• _BRIEF_: Go through the data below and transcribe it exactly. Omit the images.

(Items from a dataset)

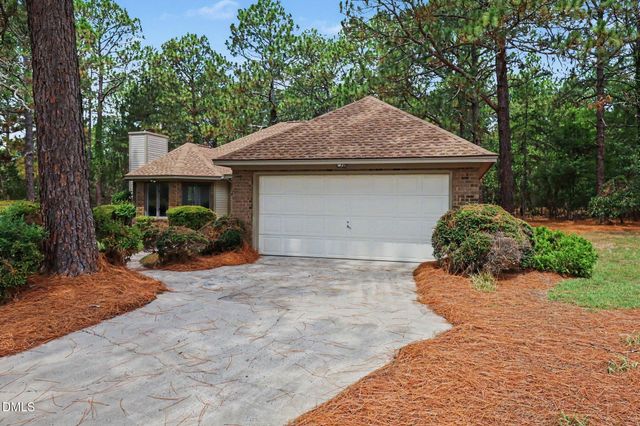 108 Pinnacle Court, Seven Lakes, NC 27376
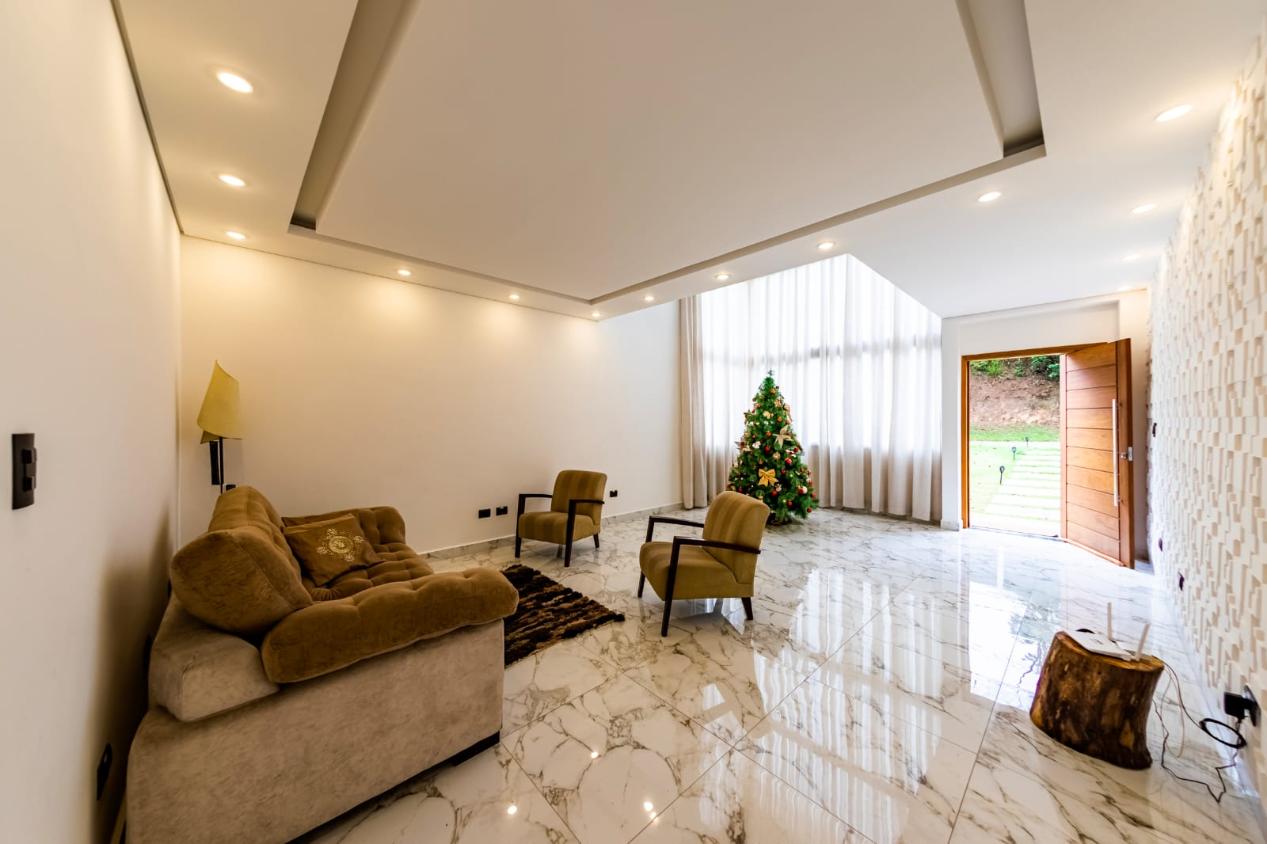 Casa de Condomínio à venda com 4 quartos, 352m² - Foto 1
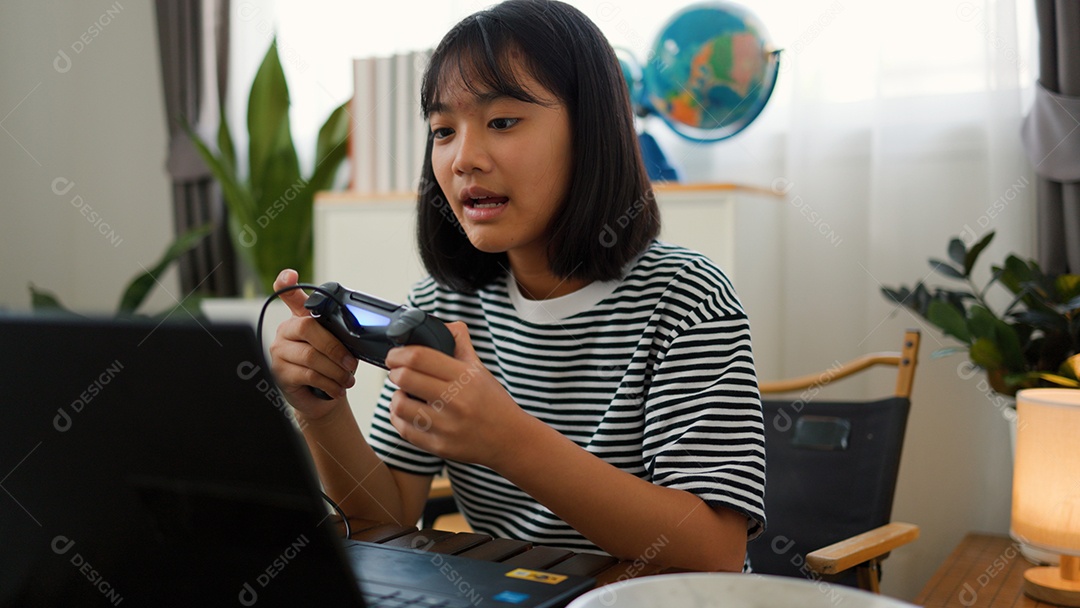 Adolescente asiático jogando videogame juntos em casa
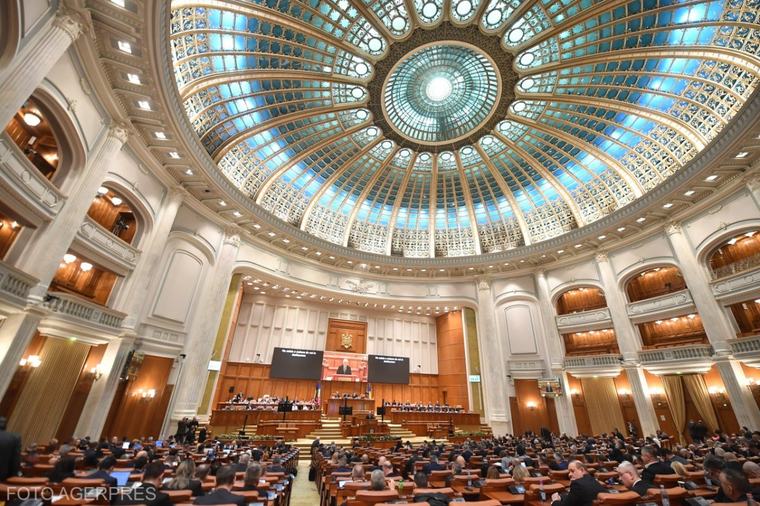 PNL şi USR își parafează colaborarea în Parlament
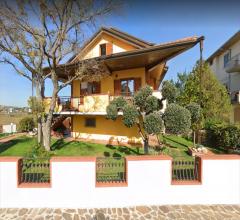 Villa bifamiliare in vendita a san giovanni teatino sambuceto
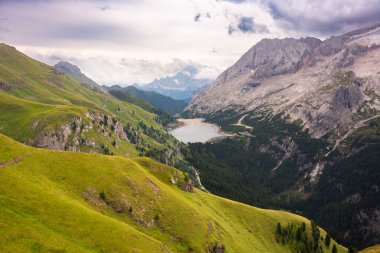 Dağ manzarası ile yaz aylarında göl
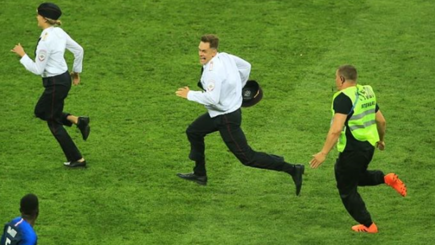 Участники группы Pussy Riot выбежали на поле во время финального матча чемпионата мира по футболу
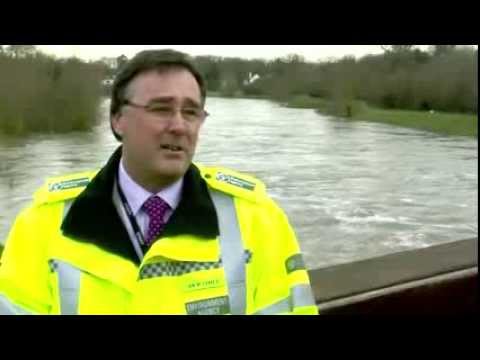 Video: Wat is het Jubilee River Flood Relief Channel?
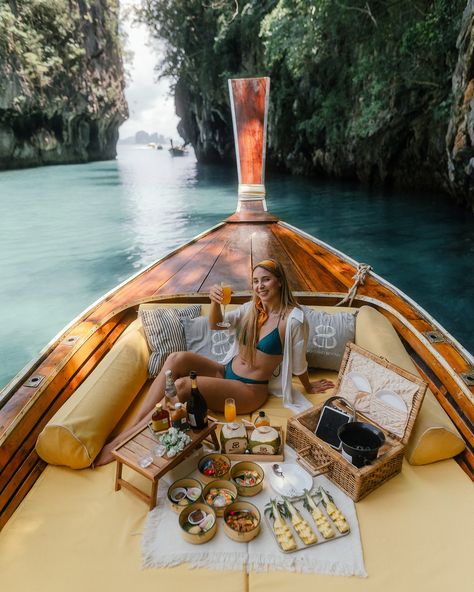 Do you want to explore Krabi’s stunning islands in style? We have just the thing for you 👇🏻 ⛵️ 🥂 @boatandbeyond offer luxury long tail boat tours in Krabi and Phuket. We went on the Hong Island tour, visiting Koh Lao Lading Island, Hong Island and the stunning Hong Lagoon. Be prepared to spend the day exploring crystal clear waters with limestone cliffs and beautiful beaches 😍 Would you enjoy a luxury island tour like this? #boatandbeyond #boatandbeyondkrabi #thailand #thailand🇹🇭 #amaz... 4 Island Tour Krabi, Thai Boat, Luxury Island, Board Collage, Vision Board Collage, Thailand Vacation, Krabi Thailand, Beautiful Travel, Island Tour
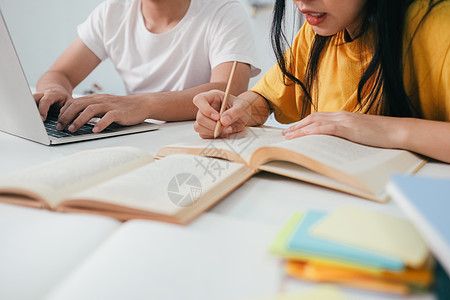 近身的亚裔学生正在阅读书本和学习 并一起教学电脑考试愿望导师校园演讲大学家庭作业智力技术图片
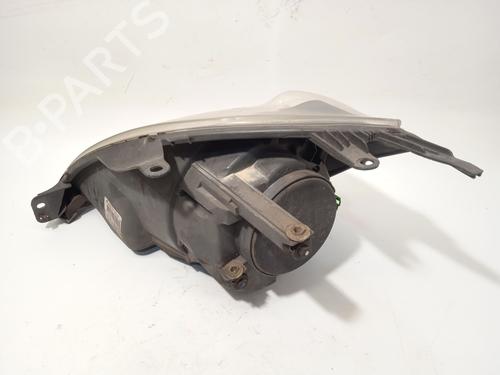 Right headlight FORD FIESTA V (JH_, JD_) 1.3 | BP30437801C29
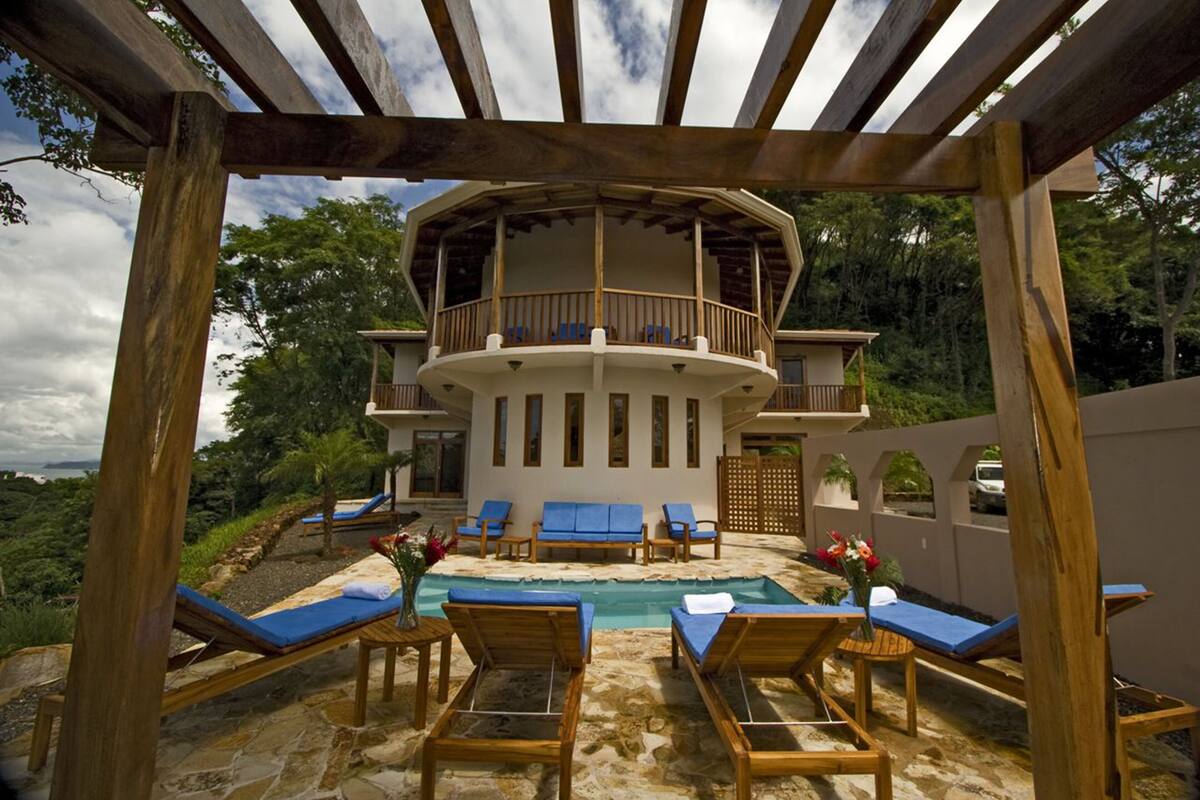 Villa, 4 Bedrooms (Cielo Bonito) | Premium bedding, in-room safe, individually decorated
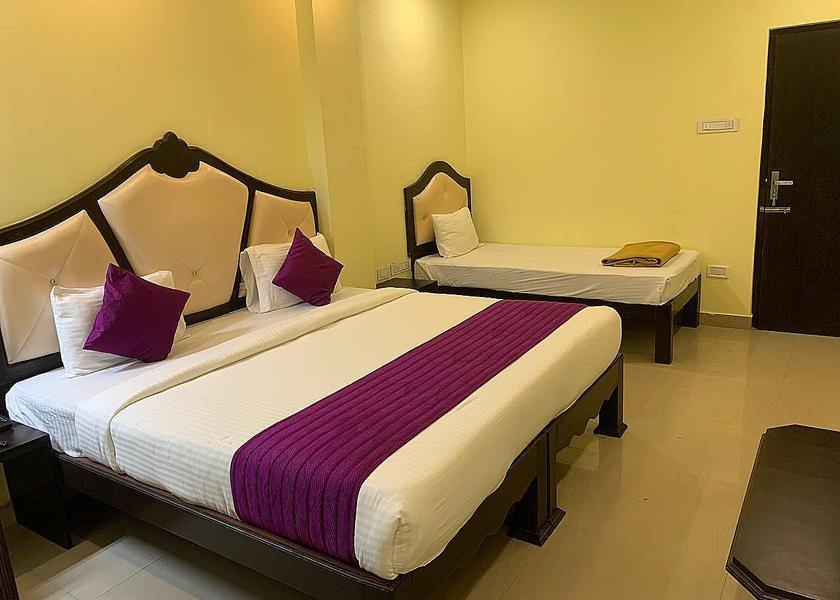 Tamil Nadu Chennai Deluxe Triple AC Room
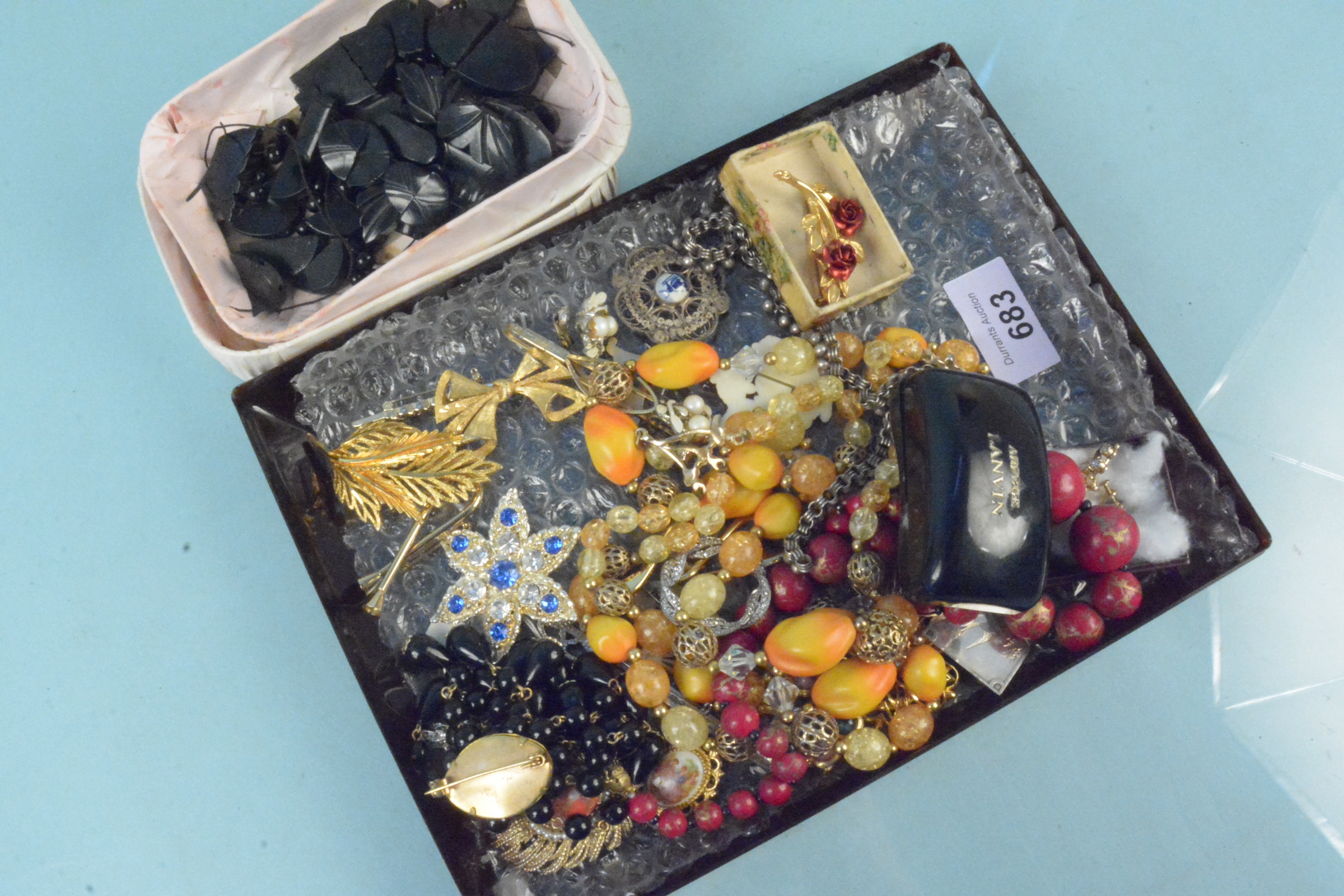 A quantity of costume jewellery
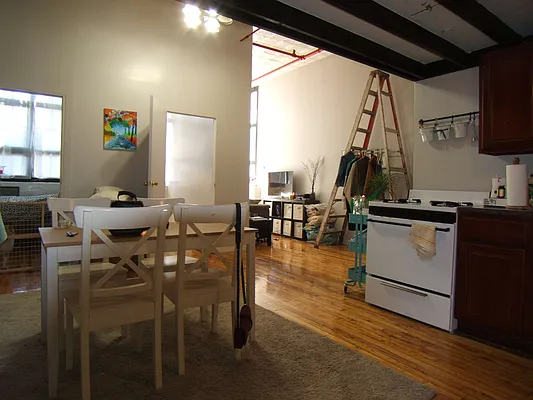 Rented by Joel Weisz, LREB | media 3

• _REPLY TO THE TASK_:
 108 Pinnacle Court, Seven Lakes, NC 27376
 Casa de Condomínio à venda com 4 quartos, 352m² - Foto 1
 Adolescente asiático jogando videogame juntos em casa
 PNL şi USR își parafează colaborarea în Parlament
 Villa bifamiliare in vendita a san giovanni teatino sambuceto
 Dağ manzarası ile yaz aylarında göl
 Участники группы Pussy Riot выбежали на поле во время финального матча чемпионата мира по футболу
 Video: Wat is het Jubilee River Flood Relief Channel?
 Do you want to explore Krabi’s stunning islands in style? We have just the thing for you 👇🏻 ⛵️ 🥂 @boatandbeyond offer luxury long tail boat tours in Krabi and Phuket. We went on the Hong Island tour, visiting Koh Lao Lading Island, Hong Island and the stunning Hong Lagoon. Be prepared to spend the day exploring crystal clear waters with limestone cliffs and beautiful beaches 😍 Would you enjoy a luxury island tour like this? #boatandbeyond #boatandbeyondkrabi #thailand #thailand🇹🇭 #amaz... 4 Island Tour Krabi, Thai Boat, Luxury Island, Board Collage, Vision Board Collage, Thailand Vacation, Krabi Thailand, Beautiful Travel, Island Tour
 近身的亚裔学生正在阅读书本和学习 并一起教学电脑考试愿望导师校园演讲大学家庭作业智力技术图片
 Right headlight FORD FIESTA V (JH_, JD_) 1.3 | BP30437801C29
 Villa, 4 Bedrooms (Cielo Bonito) | Premium bedding, in-room safe, individually decorated
 Tamil Nadu Chennai Deluxe Triple AC Room
 A quantity of costume jewellery
 Rented by Joel Weisz, LREB | media 3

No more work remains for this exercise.